PROBLEM STATEMENT: For the data below, give again exactly the lines from the one containing "The customers eating all their extra pancakes" through the one containing "The cook who", both ends included, and no others.

DATA EXTRACT:
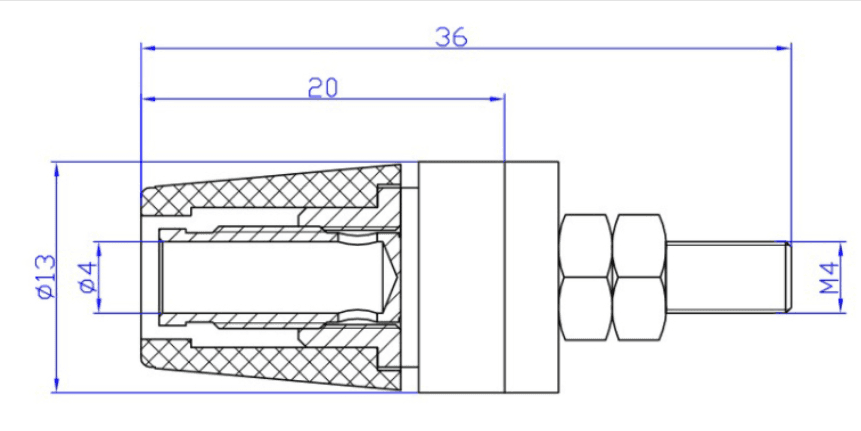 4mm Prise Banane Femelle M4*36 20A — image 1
...
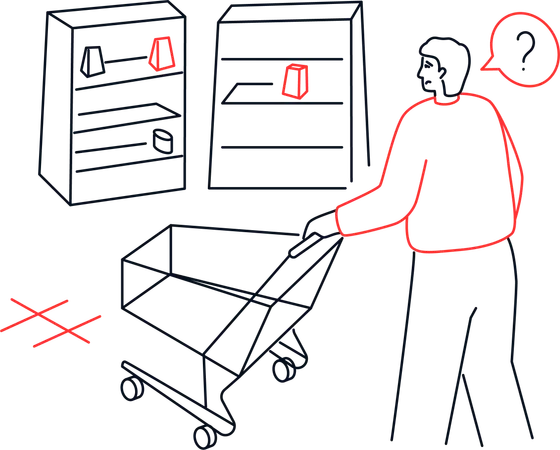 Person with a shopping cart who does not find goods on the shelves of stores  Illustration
* * *
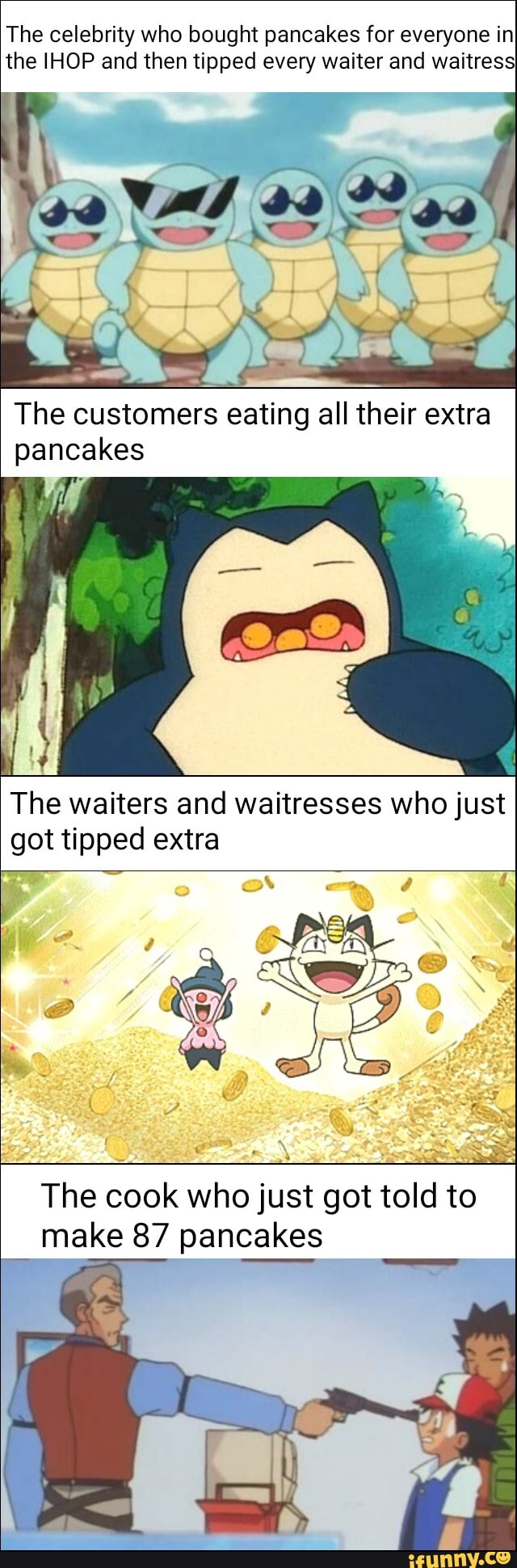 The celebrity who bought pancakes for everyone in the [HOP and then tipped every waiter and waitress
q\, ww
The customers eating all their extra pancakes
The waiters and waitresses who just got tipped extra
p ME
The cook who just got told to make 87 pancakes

WORKED SOLUTION:
The customers eating all their extra pancakes
The waiters and waitresses who just got tipped extra
p ME
The cook who just got told to make 87 pancakes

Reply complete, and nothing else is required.